I didn't follow Nino, I was doing similar things before Nino put up his videos. They are just common sense to me.

I did try deadlifts at one point, being an engineer and I track setup and training v performance, when my performance dropped off I removed deadlifts and after a few weeks... wow, the performance was back, everyone is different and without tracking change v performance you cant assess the needs for a person.
Tracking the benefits of diet, sleep, rest, training, bike setup etc. is just a fun thing to do.

I could go on, but when training fully I let my results speak for how my training works for me.

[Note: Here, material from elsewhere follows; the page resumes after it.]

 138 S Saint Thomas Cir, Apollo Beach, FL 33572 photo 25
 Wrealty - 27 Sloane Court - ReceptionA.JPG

Thinking about racing some Enduros this year, now that needs much harder training than Dh. As much as I love the turbo (not) I am not sure I could face the intervals required to be competitive on the flatter tracks for Enduro, even in Scotland (I did borrow a bike a couple of years back and somehow sneak the win on the day but it was brutally hard as my biking CV recovery was not good enough for one of the stages at Laggan and had to rely on the technical stages)
  • 1 2
 @betsie: you have no insight into what Nino does, you saw a short clip. There’s much more to it than what can be filmed. Just like Jolanda Neff doesn’t rely on Yoga with her mom or Aaron Gwin & Eli Tomac weren’t really doing Too much of rotator cuff wrecking stuff their former coach Ryan Hughes was doing. You are not getting the concept of balance (squat requires one sort of balance, so does bulgarian split squat, standing on a rope, bosu ball or riding a bike up a hill or through a vicious rock garden) It doesn’t mean they are translateable. But we definitely come to similar results with different methods. Especially we amateurs... but also top riders Just look at bloody Chris Akrigg who told me in Q&A he never trained in the gym, bloke demolished some track cyclists on some events. Lookat Ratboy if anybody needs any proof of how worthless gym can be... how skill based sports are skill dominant. Accurate Exercise choice and specificity doesn’t guarantee success... As James Wilson told me (my sweet guru genius which I base on his program) , the only sure thing is: MTB has high risk of injury amd there’s nothing dumber than wrecking yourself in the gym when trying to decrease chance of injury. I have personally witnessed it first hand last year... I am however aware of what is happening to my body with passing of time hence I’ll be fighting for these type 2 muscles
  • 2 0
 @betsie: cheers mate. I guess we will agree to disagree on this one. That's the great thing about training, is that there are many ways to skin a cat.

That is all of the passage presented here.